*** Opening of Exercise inputs ***

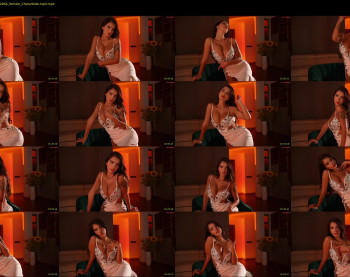 jseductiveart — 6 minute Chaturbate female cam show recording, 720p, Oct 18, 2024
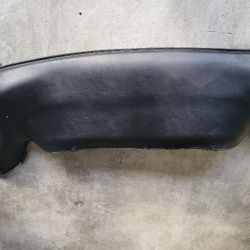 BMW Z3 1998 Convertible Top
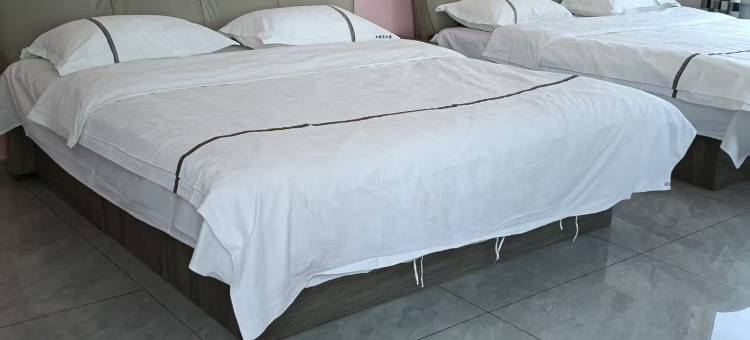 沈阳如意家公寓(青年大街工业展览馆店)图片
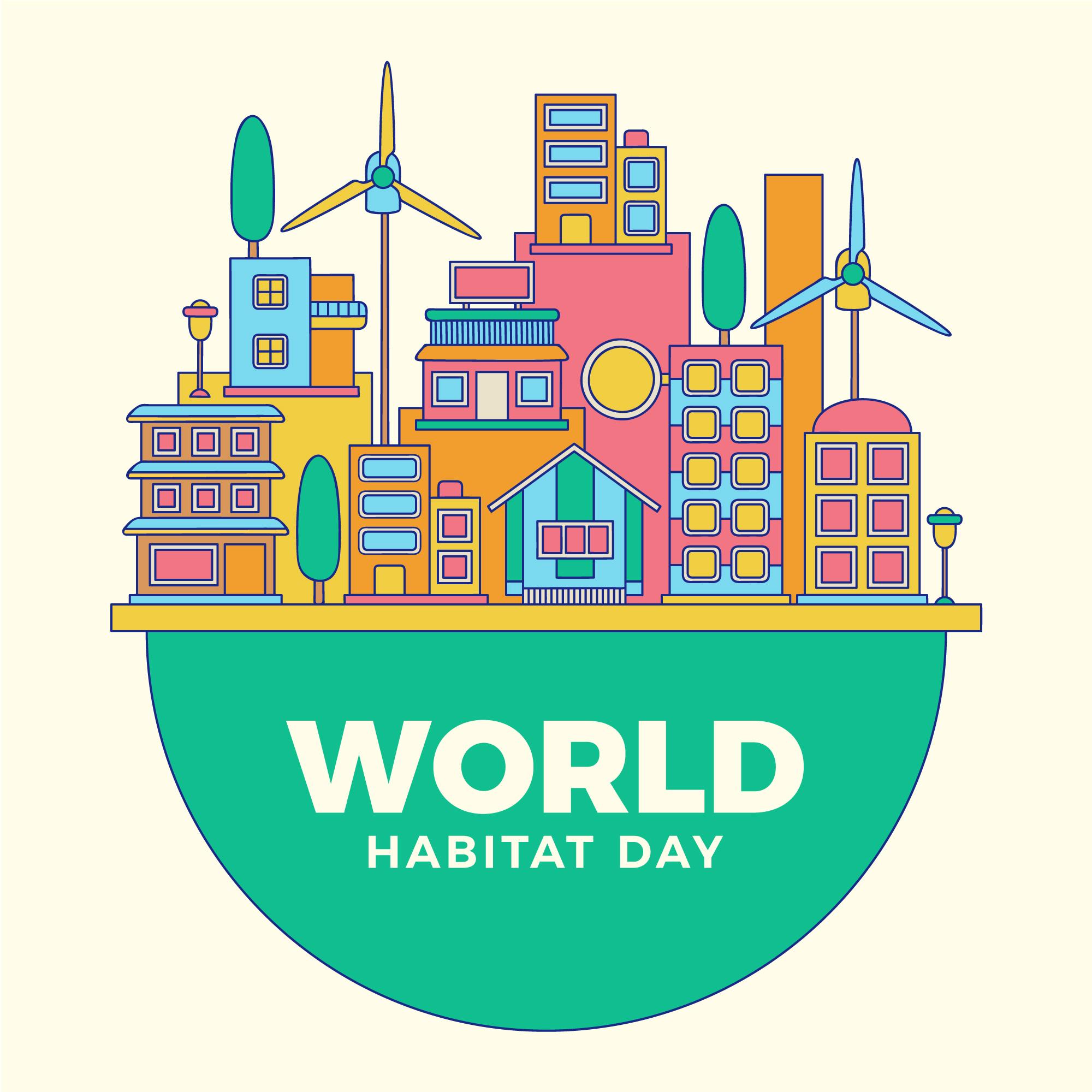 Día Mundial de las Ciudades | Cider Uniandes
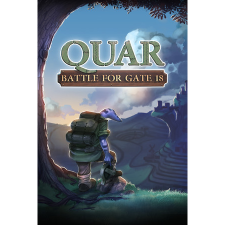 HTC Quar: Battle for Gate 18 (PC - Steam elektronikus játék licensz) videójáték
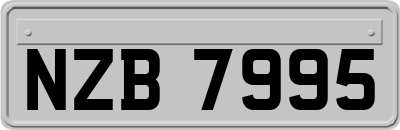 NZB7995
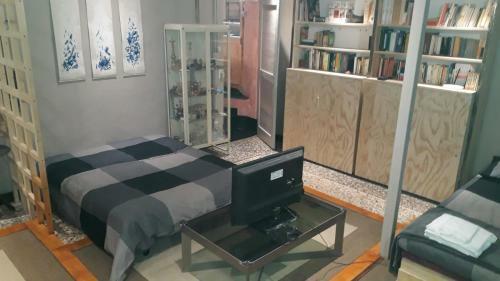 Apartamento Zen House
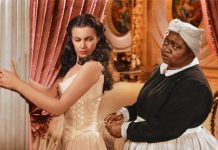 Filmul ,,Pe aripile vântului”, acuzat de rasism, a fost retras de pe platforma HBO Max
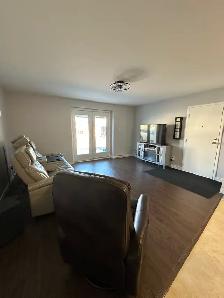 2 Bedroom Apartment in Iroquois Falls - Photo 5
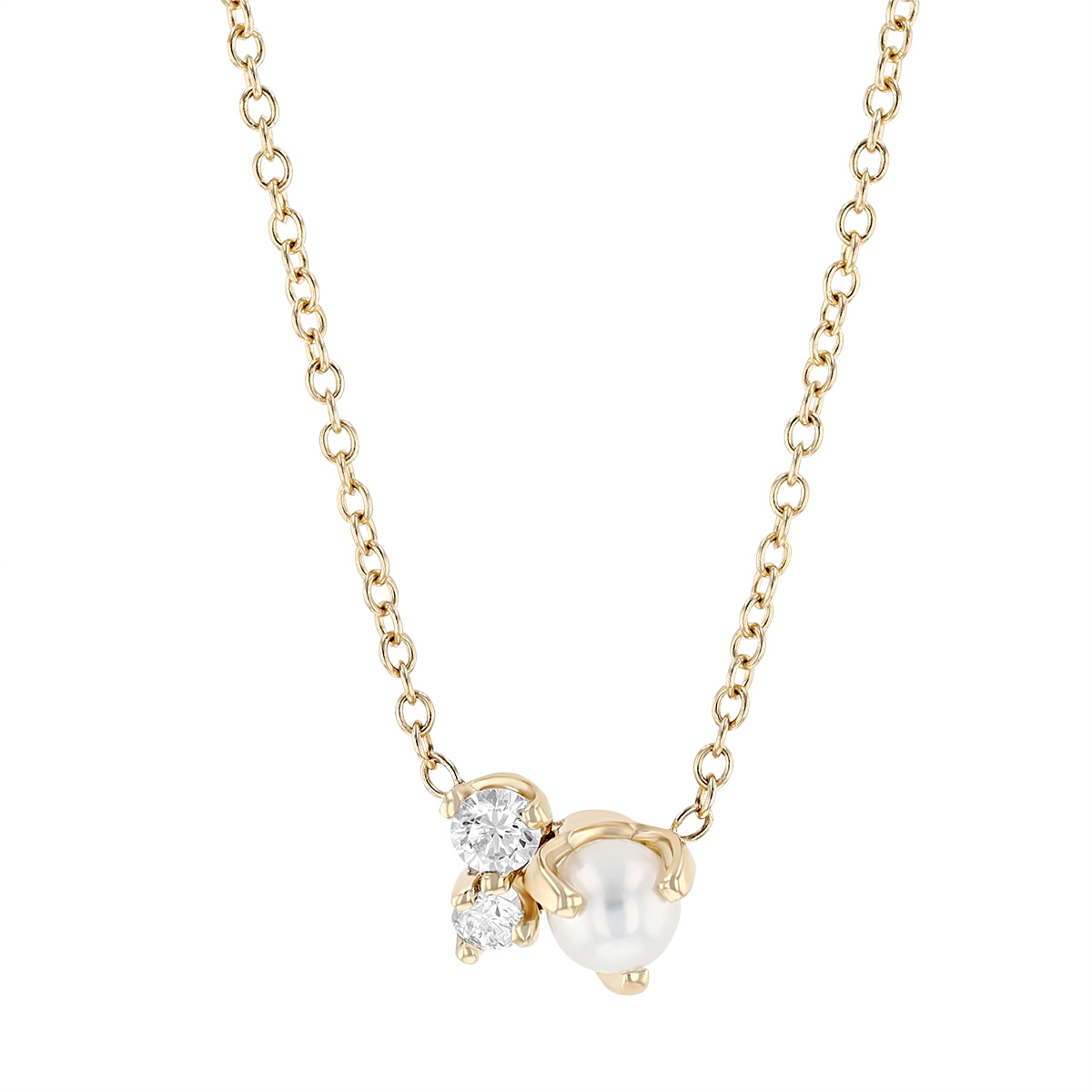 Zoe chicco on sale butterfly necklace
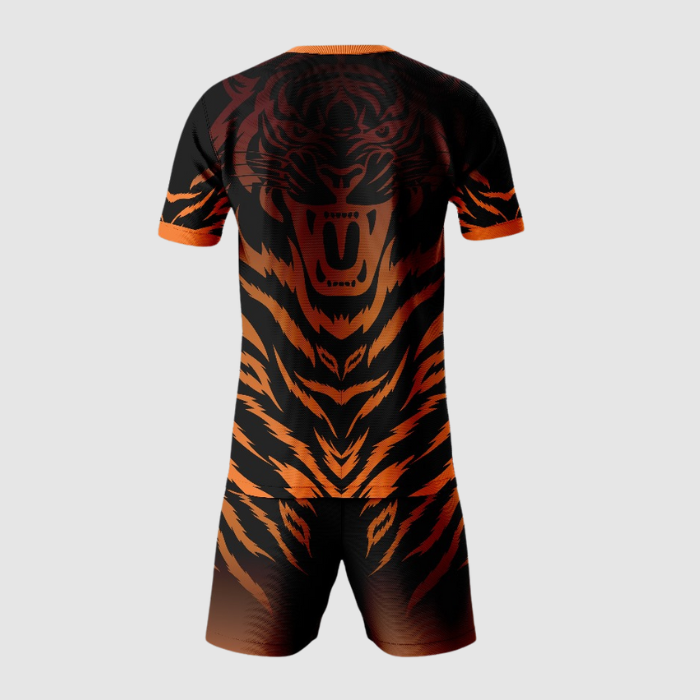 Tadoba Tigers Jersey (Away)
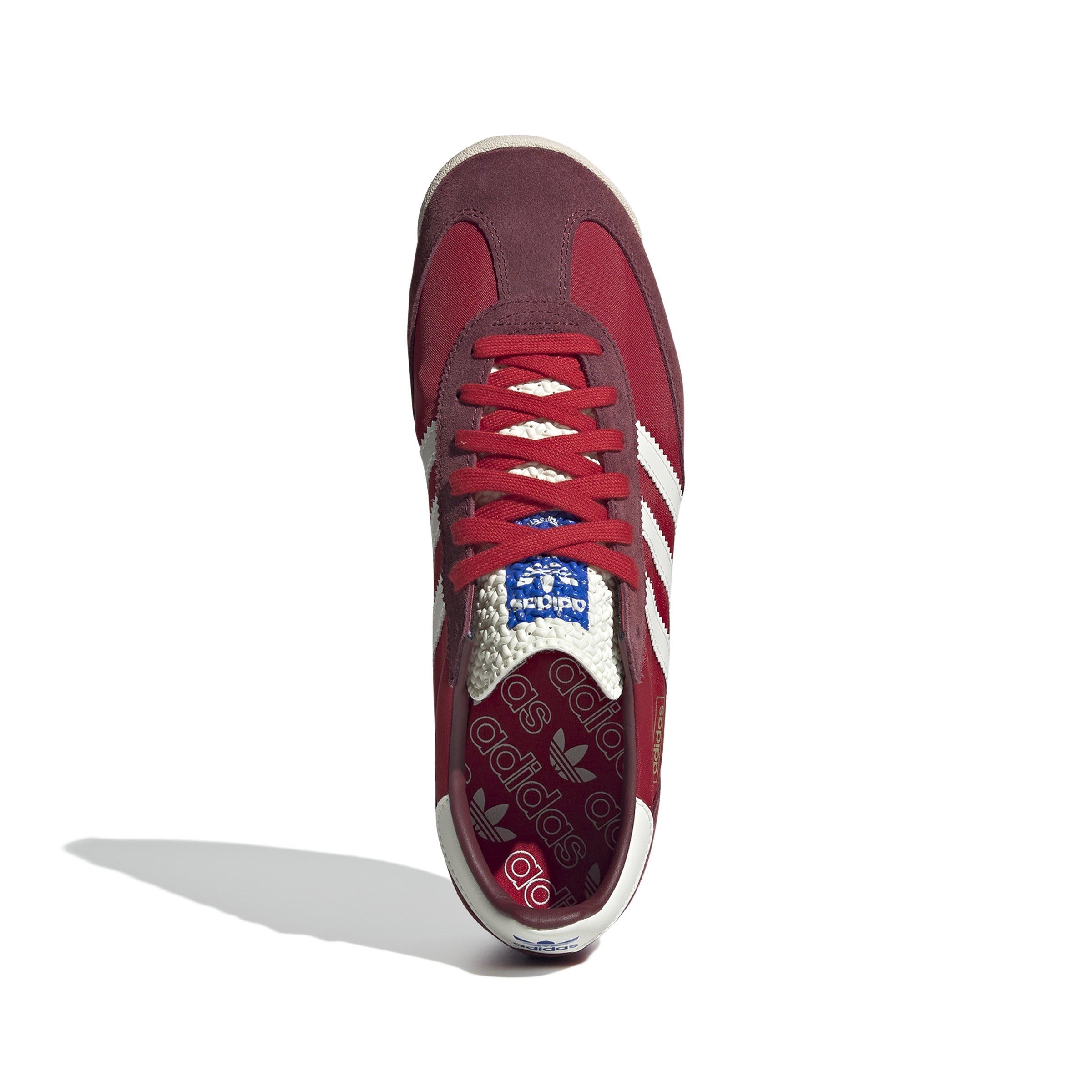 SL 72 RS 'Shadow Red'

*** Close of Exercise inputs ***

◆ **Task instructions**
Repeat the entries exactly and keep the pictures out of the copy.

◆ **Result for this exercise**
 jseductiveart — 6 minute Chaturbate female cam show recording, 720p, Oct 18, 2024
 BMW Z3 1998 Convertible Top
 沈阳如意家公寓(青年大街工业展览馆店)图片
 Día Mundial de las Ciudades | Cider Uniandes
 HTC Quar: Battle for Gate 18 (PC - Steam elektronikus játék licensz) videójáték
 NZB7995
 Apartamento Zen House
 Filmul ,,Pe aripile vântului”, acuzat de rasism, a fost retras de pe platforma HBO Max
 2 Bedroom Apartment in Iroquois Falls - Photo 5
 Zoe chicco on sale butterfly necklace
 Tadoba Tigers Jersey (Away)
 SL 72 RS 'Shadow Red'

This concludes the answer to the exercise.